In Europa was het kapitalisme namelijk een handlanger van het nationalisme. Via het kapitalisme werden nationale markten versterkt en werd de uitbouw van een nationale productie verscherpt. Via het kapitalisme konden de staten een nationale integratie tot stand brengen via het realiseren van nationale markten en de uitbouw van een op zichzelf gecentreerde economie. In Europa stond het economische systeem dus deels ten dienste van het politieke systeem.

In de kolonies was dit niet het geval: niet het realiseren van nationale markten, noch van een op zichzelf gecentreerde economie was een doel voor de koloniale overheid. Het enige doel was de koloniale markt te integreren in de markt van het thuisland. De winsten die gemaakt werden in de koloniale gebieden werden ook zelden of nooit geherinvesteerd in die gebieden.

In Afrika werd dus wel een eenheid tot stand gebracht in de economie, maar dit ging niet gepaard met een streven naar eenheid op politiek gebied, hetgeen in Europa wel het geval was. Dit zou later – vooral in de postkoloniale periode – grote gevolgen hebben op politiek gebied.

Maar nu, in de koloniale periode, bracht deze koloniale economie ook al enkele gevolgen met zich mee. Omdat het doel van de economie anders was, was ook de uitwerking ervan anders. Het kapitalistische arbeidssysteem werd in de kolonies maar gedeeltelijk uitgewerkt. De transitie van een agrarische maatschappij naar een urbane kapitalistische maatschappij geschiedde daarom ook maar gedeeltelijk.
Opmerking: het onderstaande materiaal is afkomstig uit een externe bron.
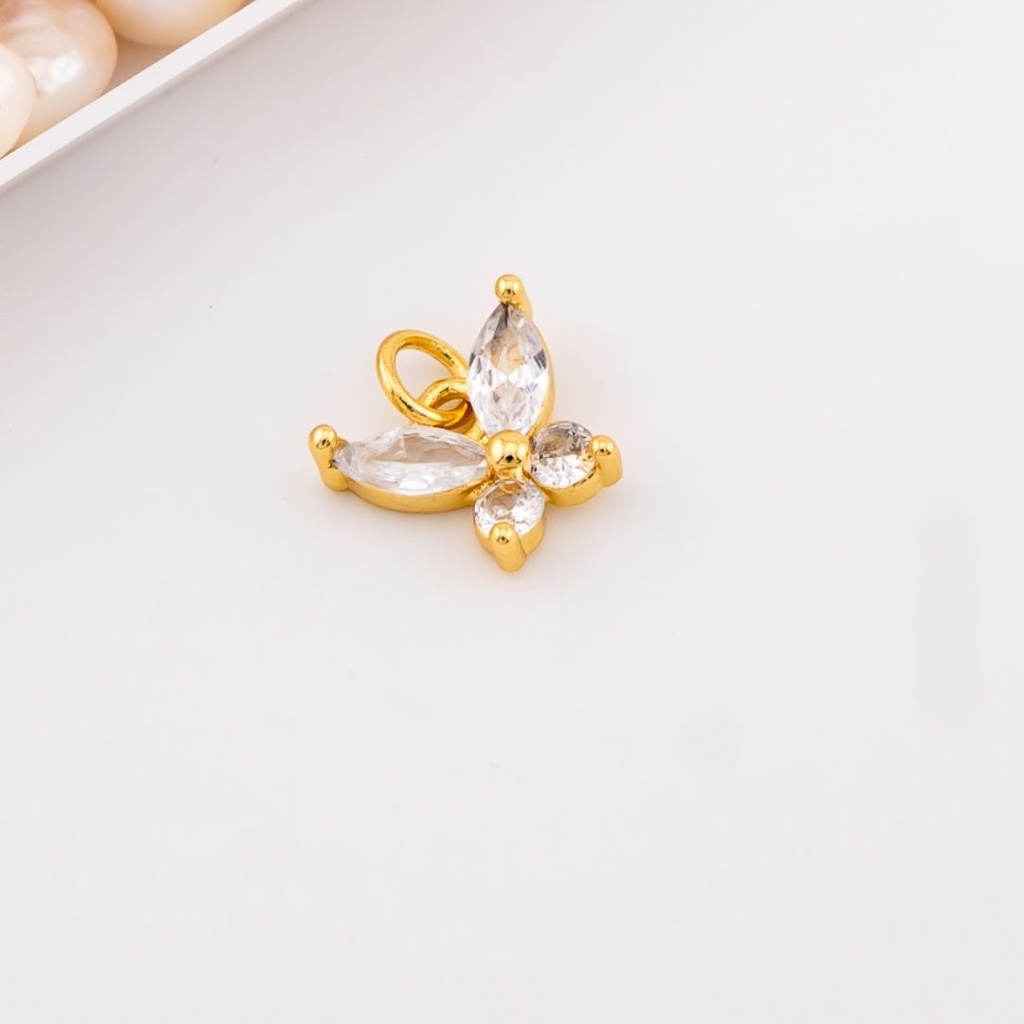 Dije mini en forma de mariposa con micropave baño 18k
Daarenboven gebeurde deze transitie ook nog eens ongelijk over het Afrikaanse landschap: slechts gedeelten van de maatschappij werden geïntegreerd in het kapitalisme terwijl andere gedeelten ervan verstoken bleven.
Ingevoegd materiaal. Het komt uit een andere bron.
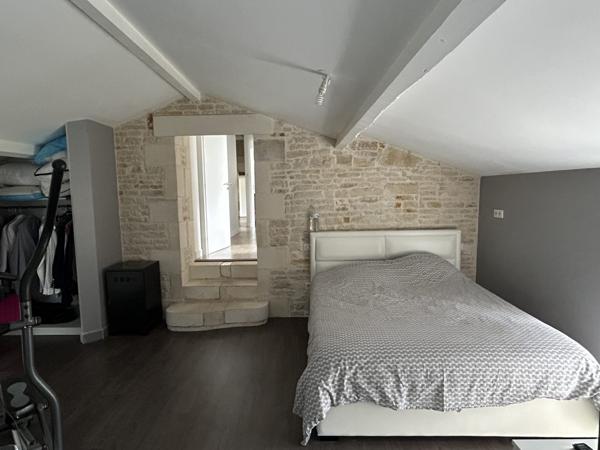 Ancienne - 9 pièces - 250 m²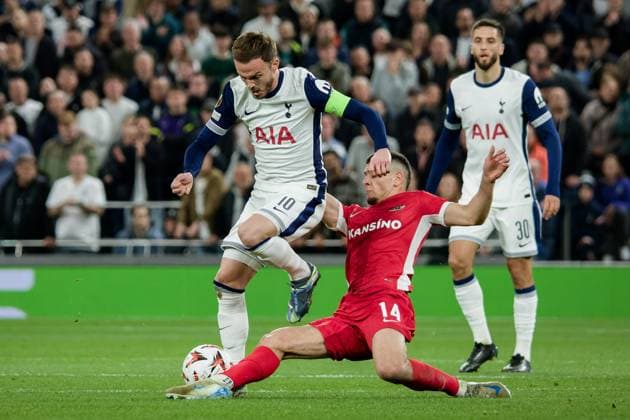 London, England, October 24 2024: James Maddison (10 Tottenham Hotspur) and Kristijan Belic (14 AZ Alkmaar) in action during the UEFA Europa League game between Tottenham Hotspur and AZ Alkmaar at Tottenham Hotspur Stadium in London, England. (Pedro Porru SPP) Copyright: xPedroxPorrux xSPPx spp-en-PePoSp-4F8A2035_DxO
We kunnen dus zeggen dat er in de koloniale gebieden een ongelijke intergratie was binnen het kapitalistische systeem. Dit had verregaande gevolgen op verschillende gebieden. Op de eerste plaats kwam er op die manier een systeem van arbeidsverdeling tot stand dat op het eerste gezicht het gevolg van etnische verschillen leek, maar uiteindelijk toch het gevolg was van die ongelijke integratie. Op de tweede plaats zorgde dit vaak tot een grote, al dan niet gedwongen, migratiestroom naar bepaalde, meestal stedelijke, centra. Beide fenomenen hadden dikwijls gevolgen op etnisch gebied.

 

De Europese machten introduceerden in hun koloniale gebieden voornamelijk industrieën die het meest winstgevend waren, uiteraard aangepast aan de bronnen die ter plaatse aanwezig waren. De voornaamste takken van de economie waren mijnbouw, plantages en de exploitatie van grondstoffen zoals rubber. Het feit dat de meeste grondstoffen, zoals we in de sectie over het prekoloniale verleden als zagen, erg verspreid waren over de territoria, zorgde ervoor dat bepaalde gebieden meer in het systeem geïntegreerd waren dan andere. Omdat de koloniale administratie de bevolking in bepaalde gebieden onderverdeeld had, en hen een etnisch label had toeschreven, werd het ook duidelijk dat bepaalde stammen (in de administratieve zin van het woord) beter geïntegreerd waren in het systeem dan andere. Bijna altijd gingen die etnische labels gepaard met een aantal vooroordelen en stereotyperingen. Dit is een normaal proces wanneer er een vorm van classificatie wordt gemaakt, hetgeen we eerder ook al zagen. Ook de koloniale overheid had bepaalde vooroordelen ten opzichte van de verschillende groepen die ze in zekere zin zelf gecreëerd hadden. Deze vooroordelen hingen nauw samen met de mate waarin de groepen in kwestie geïntegreerd waren in het kapitalistische systeem. Op die manier ontstond vrijwel altijd een hiërarchische ordening van de verscheidene groepen. De ene groep X stond hoger aangeschreven dan de andere groep Y, en was daarom geschikter voor werk Z. Op het eerste zicht leek het dus dat de arbeidsverdeling in de koloniale gebieden tot stand kwam op basis van etnische criteria. Dit is maar gedeeltelijk waar: het is zo dat er misschien bepaalde vooroordelen bestonden ten opzichte van de groepen, maar we moeten altijd in het achterhoofd houden dat deze vooroordelen het gevolg waren van een ongelijke integratie in het kapitalistische systeem. Hierbij dient ook opgemerkt te worden dat de integratie van bepaalde regio’s in het kapitalistische systeem voor een groot deel afhing aan de positie die ze innamen tijdens de prekoloniale periode. Zoals gezegd waren toen bepaalde gebieden beter geïntegreerd in onder meer de handel dan andere. Dit was een gevolg van de ongelijke verdeling van de grondstoffen. Dit speelde dus een bepalende rol voor hun lot tijdens de koloniale periode.

 

Wanneer we het hebben over arbeidsverdeling, hebben we het onrechtstreeks natuurlijk ook over klassen en status. Het lijkt dus alsof klasse en status bepaald worden door de etnische groep – of in de koloniale context eerder stam – waartoe een individu behoort.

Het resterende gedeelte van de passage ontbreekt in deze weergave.